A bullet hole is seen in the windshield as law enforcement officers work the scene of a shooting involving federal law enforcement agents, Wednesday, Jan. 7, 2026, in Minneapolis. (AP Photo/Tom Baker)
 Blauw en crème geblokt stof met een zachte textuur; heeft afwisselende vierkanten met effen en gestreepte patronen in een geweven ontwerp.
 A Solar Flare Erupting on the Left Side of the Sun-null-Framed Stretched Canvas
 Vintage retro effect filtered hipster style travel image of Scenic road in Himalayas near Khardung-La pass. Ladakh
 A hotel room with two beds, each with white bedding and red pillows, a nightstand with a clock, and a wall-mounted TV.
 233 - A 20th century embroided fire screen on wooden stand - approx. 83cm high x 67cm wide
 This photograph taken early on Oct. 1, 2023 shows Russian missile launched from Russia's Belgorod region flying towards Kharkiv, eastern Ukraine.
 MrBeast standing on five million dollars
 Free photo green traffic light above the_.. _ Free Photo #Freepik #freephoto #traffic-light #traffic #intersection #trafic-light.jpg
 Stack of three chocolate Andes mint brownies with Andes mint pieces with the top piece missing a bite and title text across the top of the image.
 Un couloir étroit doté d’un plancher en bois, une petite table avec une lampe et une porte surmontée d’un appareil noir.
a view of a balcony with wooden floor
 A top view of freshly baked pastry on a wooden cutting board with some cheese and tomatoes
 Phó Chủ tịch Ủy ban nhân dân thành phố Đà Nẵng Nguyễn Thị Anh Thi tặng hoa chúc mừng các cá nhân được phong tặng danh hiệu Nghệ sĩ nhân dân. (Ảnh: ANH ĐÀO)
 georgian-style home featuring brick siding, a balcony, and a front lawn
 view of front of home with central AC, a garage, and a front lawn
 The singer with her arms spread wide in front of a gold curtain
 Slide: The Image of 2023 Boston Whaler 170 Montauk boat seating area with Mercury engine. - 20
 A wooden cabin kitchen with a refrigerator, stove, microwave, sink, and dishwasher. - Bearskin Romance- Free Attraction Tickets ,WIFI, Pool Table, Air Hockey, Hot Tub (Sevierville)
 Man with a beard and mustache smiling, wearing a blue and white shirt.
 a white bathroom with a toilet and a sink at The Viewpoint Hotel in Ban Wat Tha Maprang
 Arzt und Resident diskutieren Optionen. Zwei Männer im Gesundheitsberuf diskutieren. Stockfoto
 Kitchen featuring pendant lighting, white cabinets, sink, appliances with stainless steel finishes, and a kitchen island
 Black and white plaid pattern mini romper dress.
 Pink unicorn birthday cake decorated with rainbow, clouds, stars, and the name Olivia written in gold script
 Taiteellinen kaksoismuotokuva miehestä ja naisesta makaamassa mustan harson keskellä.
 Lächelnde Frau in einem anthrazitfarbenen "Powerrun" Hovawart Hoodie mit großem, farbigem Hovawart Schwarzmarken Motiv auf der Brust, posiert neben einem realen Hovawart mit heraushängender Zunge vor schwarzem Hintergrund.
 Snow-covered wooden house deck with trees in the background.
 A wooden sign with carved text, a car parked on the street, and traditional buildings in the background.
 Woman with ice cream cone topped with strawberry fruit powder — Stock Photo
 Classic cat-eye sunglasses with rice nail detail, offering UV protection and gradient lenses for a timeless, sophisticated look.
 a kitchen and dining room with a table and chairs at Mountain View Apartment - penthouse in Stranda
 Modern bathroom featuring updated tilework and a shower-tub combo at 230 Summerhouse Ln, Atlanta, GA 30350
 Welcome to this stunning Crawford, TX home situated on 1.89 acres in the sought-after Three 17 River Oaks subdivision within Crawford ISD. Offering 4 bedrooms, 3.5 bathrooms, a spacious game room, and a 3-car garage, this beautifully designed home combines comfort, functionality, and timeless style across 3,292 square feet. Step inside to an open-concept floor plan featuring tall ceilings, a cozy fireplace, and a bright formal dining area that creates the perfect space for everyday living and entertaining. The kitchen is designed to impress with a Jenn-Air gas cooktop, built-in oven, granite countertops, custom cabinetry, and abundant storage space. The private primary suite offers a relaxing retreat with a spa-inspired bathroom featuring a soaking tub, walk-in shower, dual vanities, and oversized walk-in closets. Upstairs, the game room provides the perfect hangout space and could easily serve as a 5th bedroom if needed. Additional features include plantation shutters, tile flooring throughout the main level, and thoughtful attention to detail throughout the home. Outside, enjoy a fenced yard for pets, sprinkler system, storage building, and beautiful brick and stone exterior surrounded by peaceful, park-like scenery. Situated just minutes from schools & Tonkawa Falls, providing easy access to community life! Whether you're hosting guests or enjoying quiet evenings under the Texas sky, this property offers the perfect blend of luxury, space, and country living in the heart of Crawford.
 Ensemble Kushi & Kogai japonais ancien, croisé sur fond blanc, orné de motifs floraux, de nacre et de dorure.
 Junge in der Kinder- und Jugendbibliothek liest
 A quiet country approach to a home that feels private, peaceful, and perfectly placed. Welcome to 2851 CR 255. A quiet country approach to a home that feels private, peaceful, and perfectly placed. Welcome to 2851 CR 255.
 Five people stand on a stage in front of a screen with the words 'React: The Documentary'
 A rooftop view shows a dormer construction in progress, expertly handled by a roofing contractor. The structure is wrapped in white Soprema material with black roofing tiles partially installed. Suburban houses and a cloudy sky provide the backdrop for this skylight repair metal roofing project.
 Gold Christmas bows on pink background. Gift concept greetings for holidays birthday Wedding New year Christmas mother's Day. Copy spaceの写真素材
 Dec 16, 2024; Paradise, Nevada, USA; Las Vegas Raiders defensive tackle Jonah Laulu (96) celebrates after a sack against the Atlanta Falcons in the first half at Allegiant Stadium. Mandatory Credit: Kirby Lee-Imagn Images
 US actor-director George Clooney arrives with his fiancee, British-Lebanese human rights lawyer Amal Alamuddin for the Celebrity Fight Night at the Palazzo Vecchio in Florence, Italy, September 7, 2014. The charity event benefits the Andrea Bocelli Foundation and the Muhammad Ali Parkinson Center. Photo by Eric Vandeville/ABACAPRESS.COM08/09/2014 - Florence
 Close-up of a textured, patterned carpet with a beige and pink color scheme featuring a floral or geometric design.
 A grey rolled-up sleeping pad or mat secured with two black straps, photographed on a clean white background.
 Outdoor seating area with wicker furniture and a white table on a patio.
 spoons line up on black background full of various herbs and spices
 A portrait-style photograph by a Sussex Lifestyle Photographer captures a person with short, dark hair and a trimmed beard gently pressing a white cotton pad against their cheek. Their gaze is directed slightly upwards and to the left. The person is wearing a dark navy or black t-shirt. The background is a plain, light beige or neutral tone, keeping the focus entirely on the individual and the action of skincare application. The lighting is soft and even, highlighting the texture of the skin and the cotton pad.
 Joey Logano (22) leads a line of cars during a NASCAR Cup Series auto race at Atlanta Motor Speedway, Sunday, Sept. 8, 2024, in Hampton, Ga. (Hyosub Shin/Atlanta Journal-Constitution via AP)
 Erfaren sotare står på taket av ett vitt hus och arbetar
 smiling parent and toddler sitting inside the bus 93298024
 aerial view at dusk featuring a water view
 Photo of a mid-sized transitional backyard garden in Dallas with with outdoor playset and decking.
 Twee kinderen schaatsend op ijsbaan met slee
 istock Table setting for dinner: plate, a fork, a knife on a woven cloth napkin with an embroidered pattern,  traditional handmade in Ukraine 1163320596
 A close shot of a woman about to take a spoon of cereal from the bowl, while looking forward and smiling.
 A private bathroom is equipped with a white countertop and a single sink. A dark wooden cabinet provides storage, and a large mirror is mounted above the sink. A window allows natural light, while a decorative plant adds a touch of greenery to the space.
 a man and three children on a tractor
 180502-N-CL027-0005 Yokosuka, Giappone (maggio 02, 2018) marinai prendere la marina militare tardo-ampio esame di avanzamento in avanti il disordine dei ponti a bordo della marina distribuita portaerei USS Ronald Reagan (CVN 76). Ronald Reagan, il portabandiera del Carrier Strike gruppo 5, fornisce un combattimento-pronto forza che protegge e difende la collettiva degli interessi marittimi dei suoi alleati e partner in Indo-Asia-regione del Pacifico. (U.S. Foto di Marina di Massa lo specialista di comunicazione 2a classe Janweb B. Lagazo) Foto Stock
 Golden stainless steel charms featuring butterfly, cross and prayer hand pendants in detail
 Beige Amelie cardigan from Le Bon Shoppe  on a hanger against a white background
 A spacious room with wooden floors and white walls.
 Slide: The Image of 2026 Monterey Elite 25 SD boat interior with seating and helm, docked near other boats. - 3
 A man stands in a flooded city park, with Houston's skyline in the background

-- -- --

**Work item**
Count, in the listing, each line that holds the string "sink", then give the count and nothing else.

**Problem solution**
4